(EXERCISE DATA Opens)
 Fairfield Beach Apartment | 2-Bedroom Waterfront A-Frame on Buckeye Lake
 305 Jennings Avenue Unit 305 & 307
(EXERCISE DATA Closes)
(EXERCISE DATA Opens)
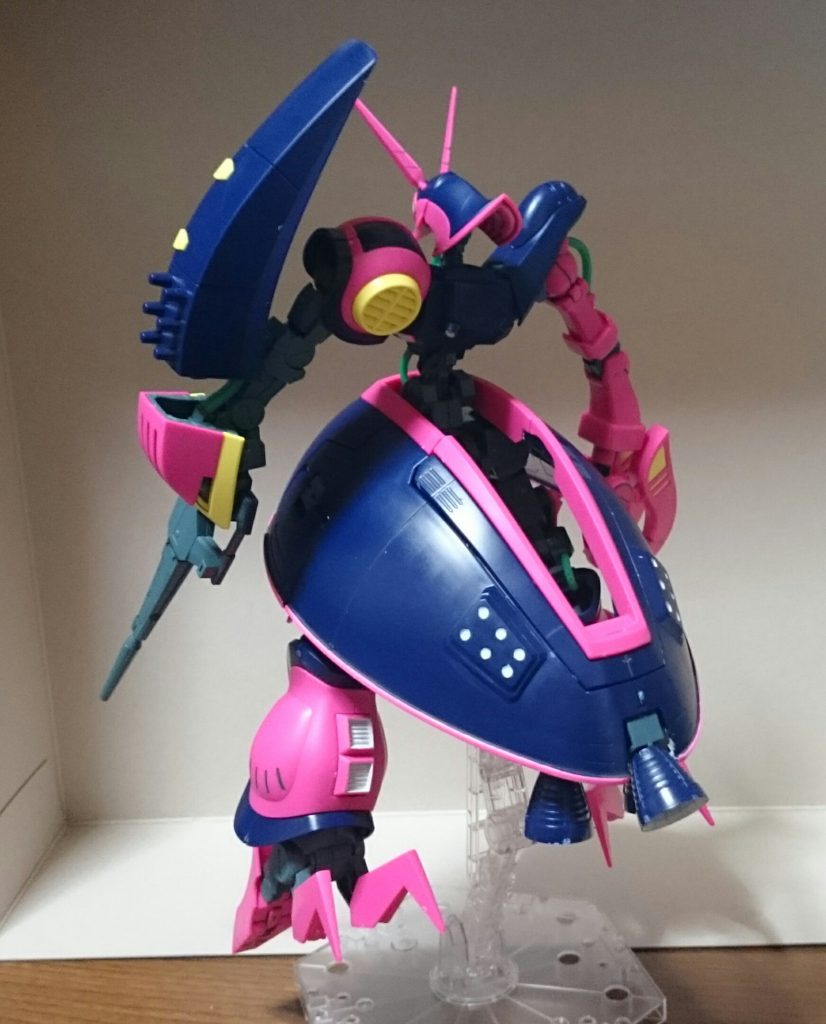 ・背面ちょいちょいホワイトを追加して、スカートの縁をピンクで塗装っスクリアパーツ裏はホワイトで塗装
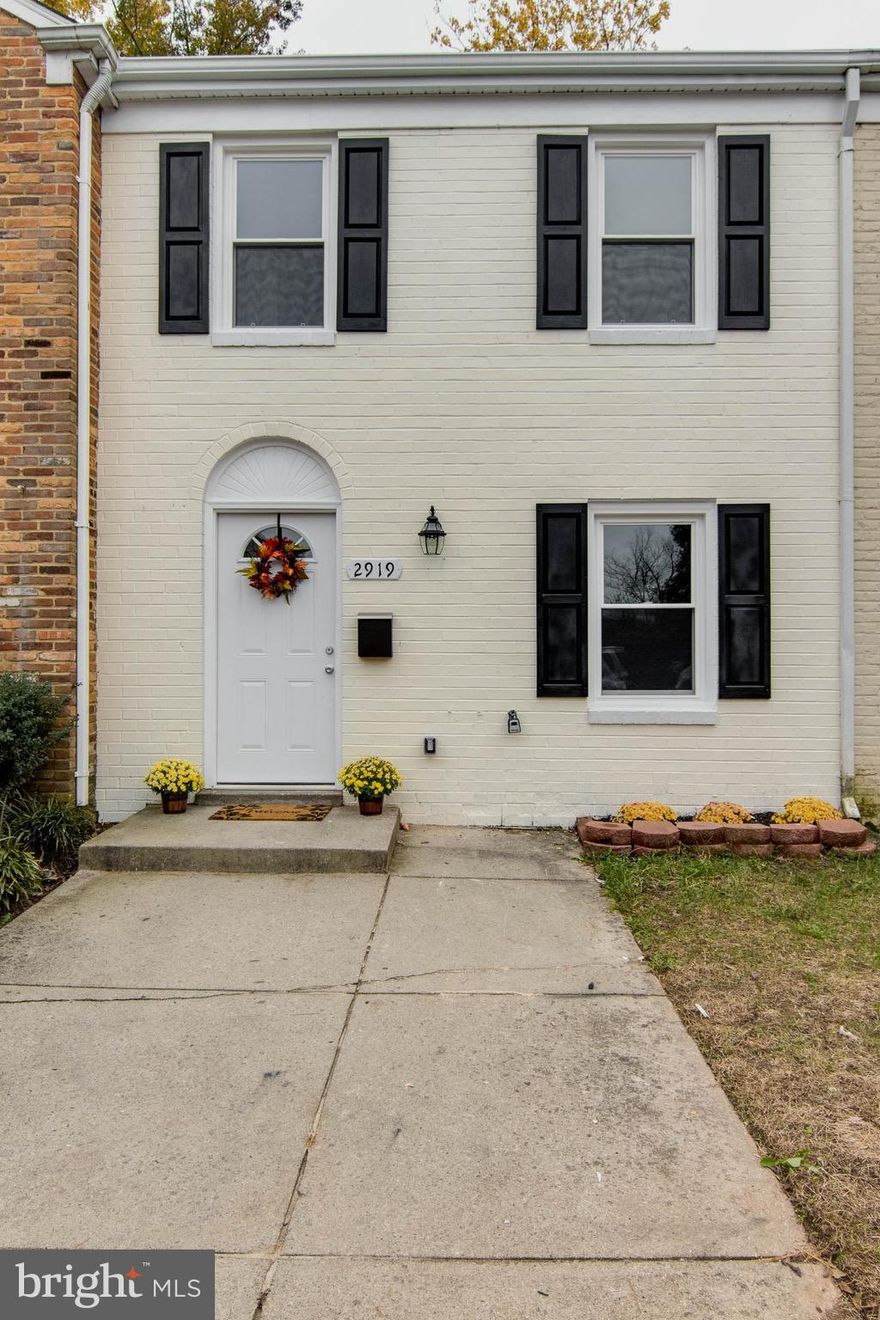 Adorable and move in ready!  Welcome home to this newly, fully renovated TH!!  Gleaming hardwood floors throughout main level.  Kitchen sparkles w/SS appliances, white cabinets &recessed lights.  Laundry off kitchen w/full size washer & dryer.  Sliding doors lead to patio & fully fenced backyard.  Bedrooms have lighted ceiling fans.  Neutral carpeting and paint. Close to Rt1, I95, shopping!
(EXERCISE DATA Closes)
(EXERCISE DATA Opens)
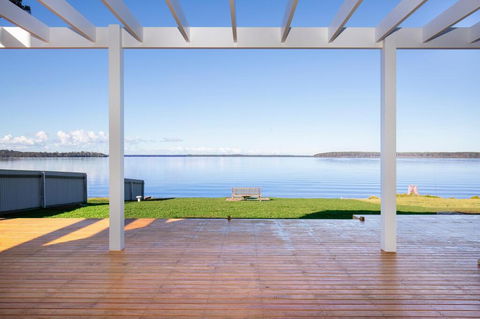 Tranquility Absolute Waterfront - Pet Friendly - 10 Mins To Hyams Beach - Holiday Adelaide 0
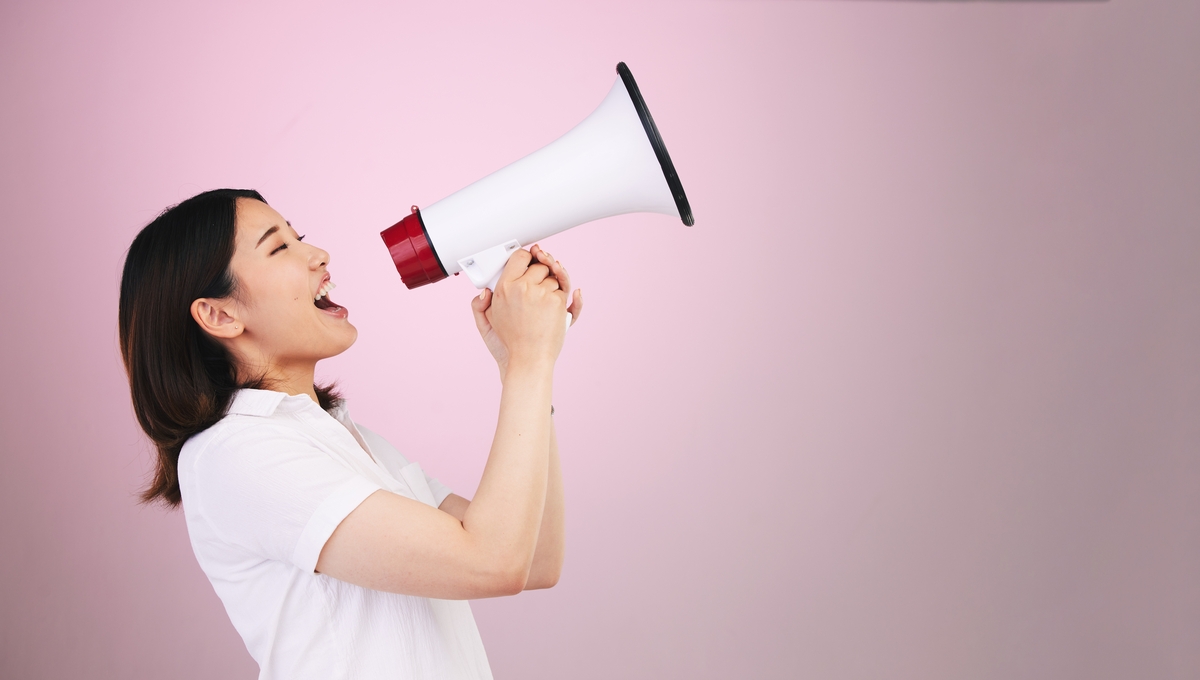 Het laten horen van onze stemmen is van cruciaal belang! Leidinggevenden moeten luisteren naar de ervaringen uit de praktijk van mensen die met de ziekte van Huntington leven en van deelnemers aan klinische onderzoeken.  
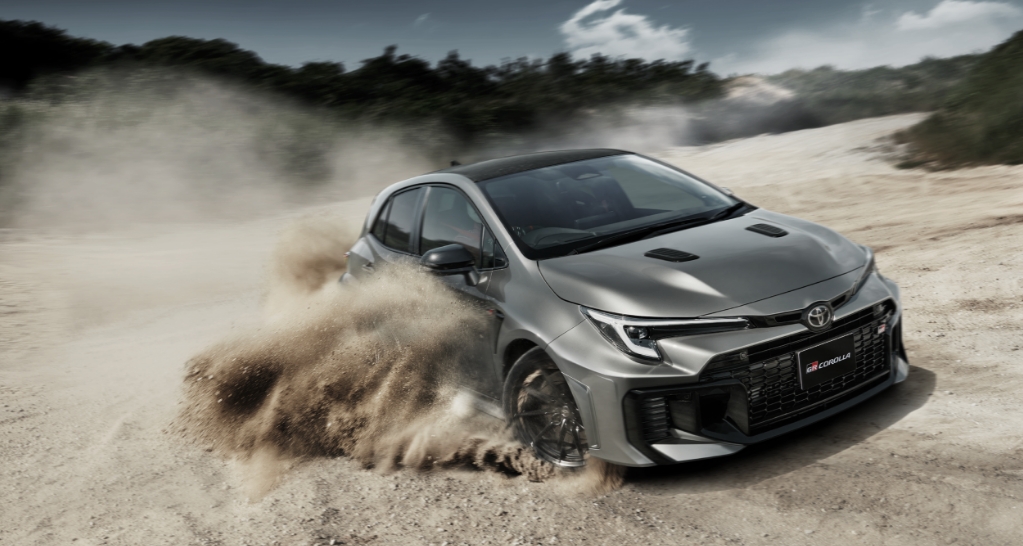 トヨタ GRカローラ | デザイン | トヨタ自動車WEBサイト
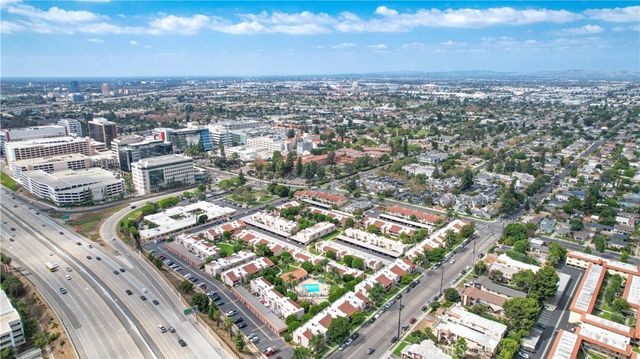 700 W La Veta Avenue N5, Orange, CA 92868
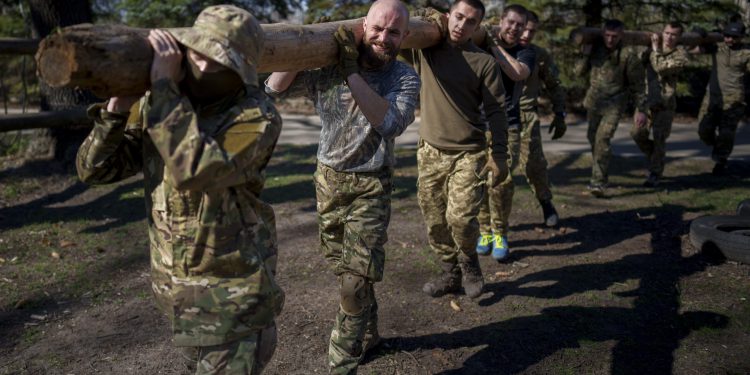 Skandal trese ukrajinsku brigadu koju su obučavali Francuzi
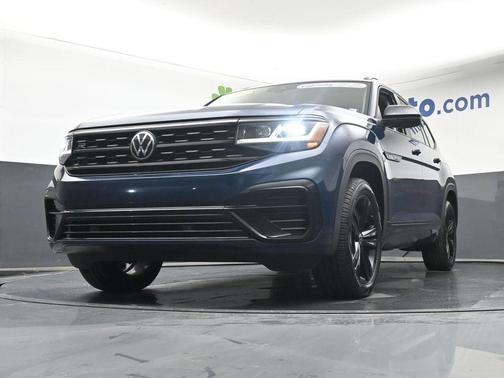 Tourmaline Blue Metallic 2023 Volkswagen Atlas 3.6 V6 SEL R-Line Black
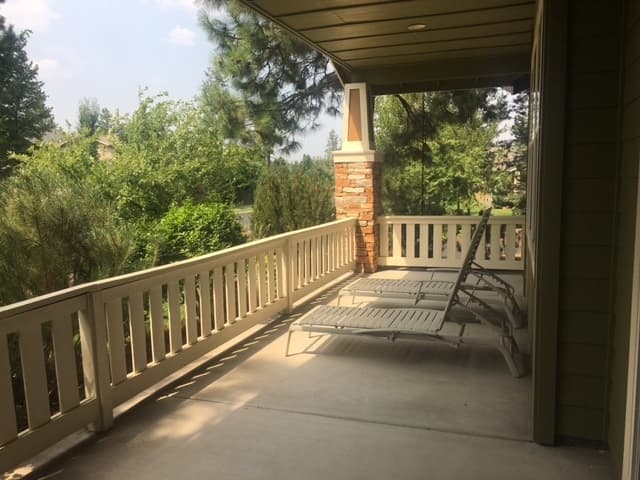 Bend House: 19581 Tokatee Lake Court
(EXERCISE DATA Closes)
**PROBLEM DESCRIPTION**
Of the entries listed above, reproduce only the lines starting at the line containing "Fairfield Beach Apartment" and ending at the line containing "305 Jennings Avenue Unit 305 & 307". Include both, exactly as they stand.

**RESULT BELOW**
 Fairfield Beach Apartment | 2-Bedroom Waterfront A-Frame on Buckeye Lake
 305 Jennings Avenue Unit 305 & 307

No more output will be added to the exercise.